> WHAT YOU SHOULD DO
Go through the records and restate them word for word, omitting images.

Top of EXERCISE DATA

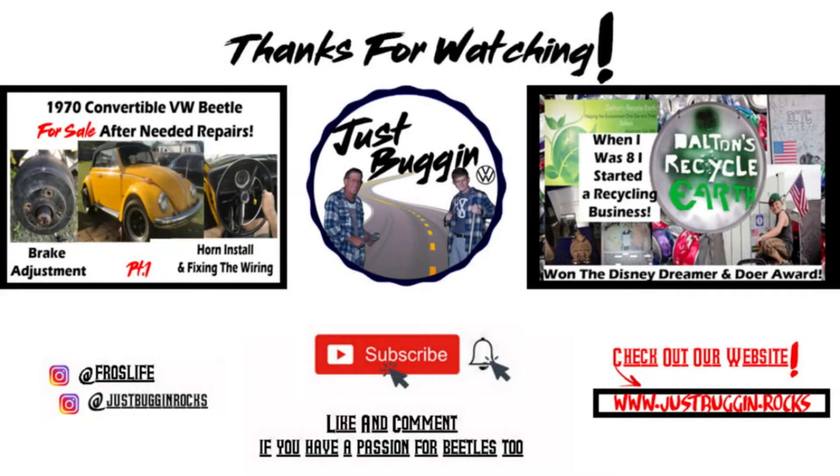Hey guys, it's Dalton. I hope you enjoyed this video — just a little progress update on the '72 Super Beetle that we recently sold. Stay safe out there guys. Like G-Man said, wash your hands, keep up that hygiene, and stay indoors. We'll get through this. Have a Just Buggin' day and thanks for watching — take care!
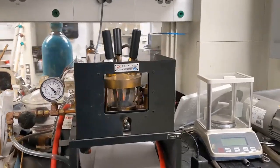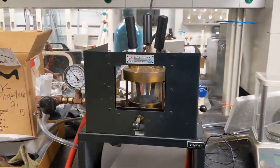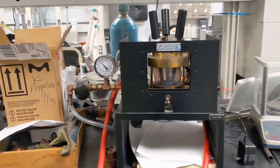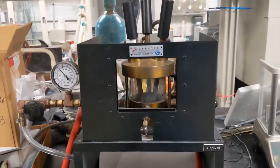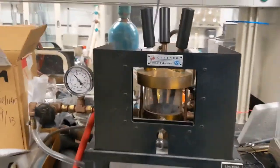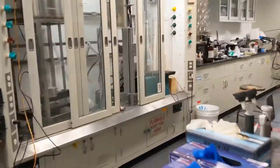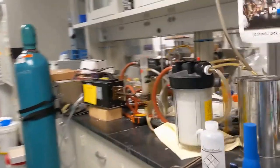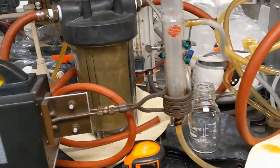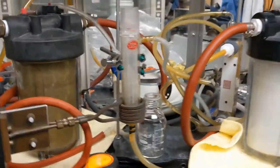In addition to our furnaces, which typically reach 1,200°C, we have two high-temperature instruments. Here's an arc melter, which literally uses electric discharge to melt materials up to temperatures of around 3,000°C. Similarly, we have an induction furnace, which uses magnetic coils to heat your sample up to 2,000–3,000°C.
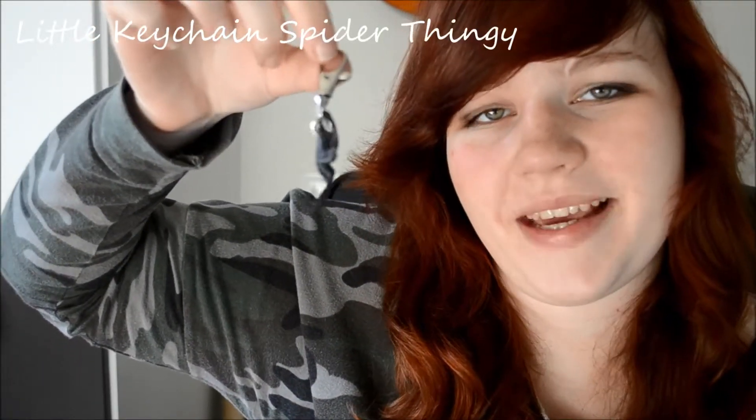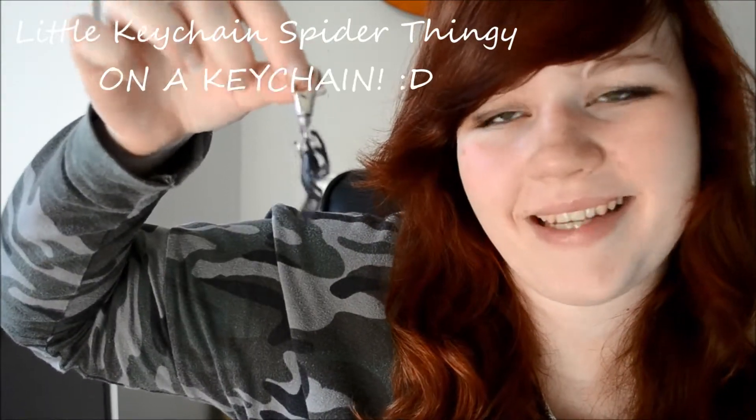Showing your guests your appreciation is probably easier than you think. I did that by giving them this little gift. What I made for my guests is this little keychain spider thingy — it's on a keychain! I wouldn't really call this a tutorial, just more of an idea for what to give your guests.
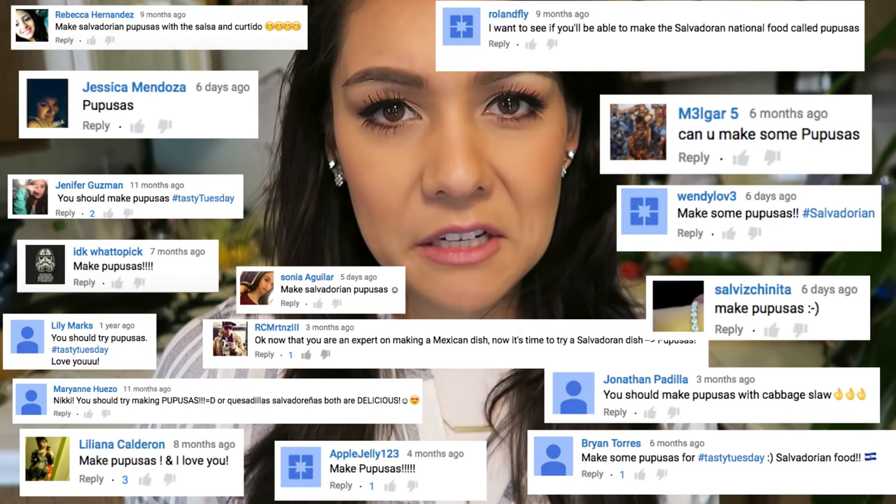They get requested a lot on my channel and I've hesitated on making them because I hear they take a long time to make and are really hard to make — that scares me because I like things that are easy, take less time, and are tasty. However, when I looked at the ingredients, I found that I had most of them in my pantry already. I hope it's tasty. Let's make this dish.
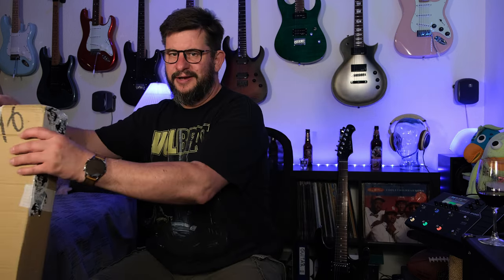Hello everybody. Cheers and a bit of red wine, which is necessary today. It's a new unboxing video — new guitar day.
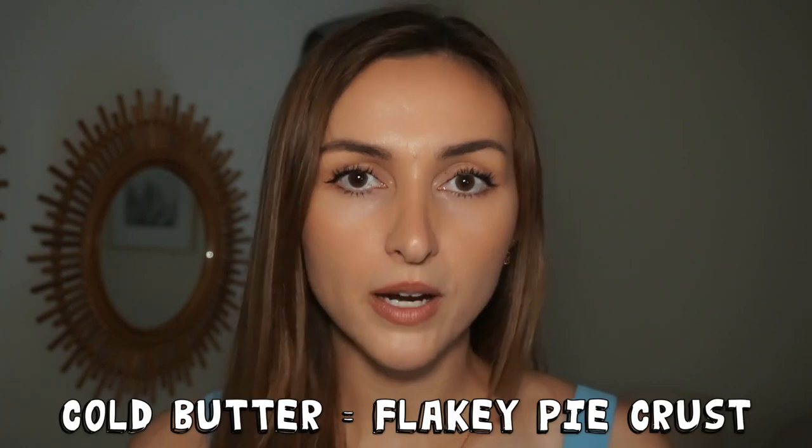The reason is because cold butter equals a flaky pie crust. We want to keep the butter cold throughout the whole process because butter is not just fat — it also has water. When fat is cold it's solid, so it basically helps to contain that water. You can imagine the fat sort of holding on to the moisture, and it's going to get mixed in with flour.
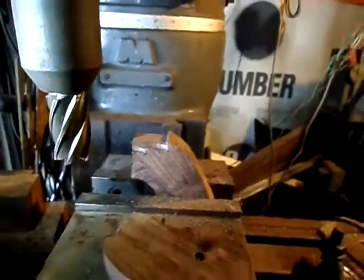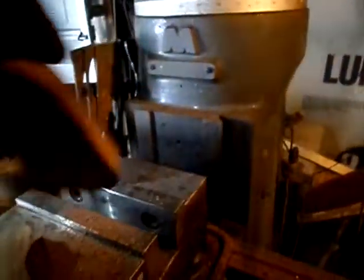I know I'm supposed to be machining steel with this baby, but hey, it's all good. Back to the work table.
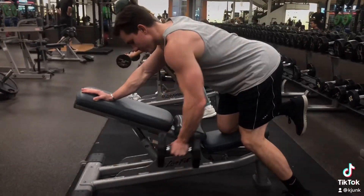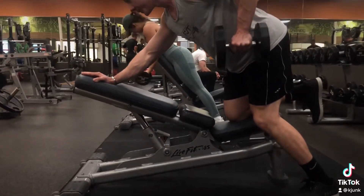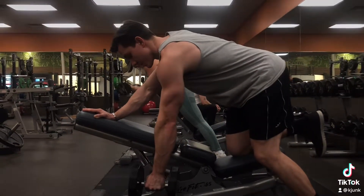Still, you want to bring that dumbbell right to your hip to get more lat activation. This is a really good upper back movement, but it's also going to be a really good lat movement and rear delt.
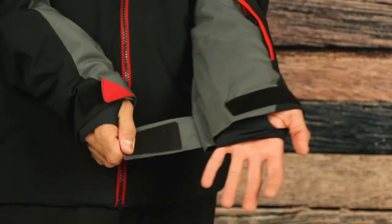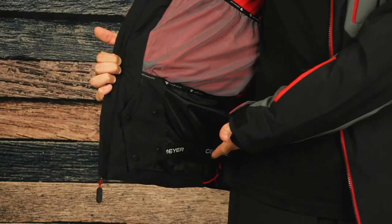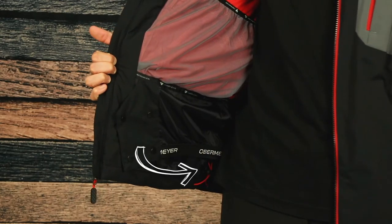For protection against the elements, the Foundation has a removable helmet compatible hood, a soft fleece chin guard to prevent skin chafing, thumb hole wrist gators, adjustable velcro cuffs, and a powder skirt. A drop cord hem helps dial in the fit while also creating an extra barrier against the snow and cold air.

Bottom of EXERCISE DATA

> YOUR RESPONSE
Hey guys, it's Dalton. I hope you enjoyed this video — just a little progress update on the '72 Super Beetle that we recently sold. Stay safe out there guys. Like G-Man said, wash your hands, keep up that hygiene, and stay indoors. We'll get through this. Have a Just Buggin' day and thanks for watching — take care!
In addition to our furnaces, which typically reach 1,200°C, we have two high-temperature instruments. Here's an arc melter, which literally uses electric discharge to melt materials up to temperatures of around 3,000°C. Similarly, we have an induction furnace, which uses magnetic coils to heat your sample up to 2,000–3,000°C.
Showing your guests your appreciation is probably easier than you think. I did that by giving them this little gift. What I made for my guests is this little keychain spider thingy — it's on a keychain! I wouldn't really call this a tutorial, just more of an idea for what to give your guests.
They get requested a lot on my channel and I've hesitated on making them because I hear they take a long time to make and are really hard to make — that scares me because I like things that are easy, take less time, and are tasty. However, when I looked at the ingredients, I found that I had most of them in my pantry already. I hope it's tasty. Let's make this dish.
Hello everybody. Cheers and a bit of red wine, which is necessary today. It's a new unboxing video — new guitar day.
The reason is because cold butter equals a flaky pie crust. We want to keep the butter cold throughout the whole process because butter is not just fat — it also has water. When fat is cold it's solid, so it basically helps to contain that water. You can imagine the fat sort of holding on to the moisture, and it's going to get mixed in with flour.
I know I'm supposed to be machining steel with this baby, but hey, it's all good. Back to the work table.
Still, you want to bring that dumbbell right to your hip to get more lat activation. This is a really good upper back movement, but it's also going to be a really good lat movement and rear delt.
For protection against the elements, the Foundation has a removable helmet compatible hood, a soft fleece chin guard to prevent skin chafing, thumb hole wrist gators, adjustable velcro cuffs, and a powder skirt. A drop cord hem helps dial in the fit while also creating an extra barrier against the snow and cold air.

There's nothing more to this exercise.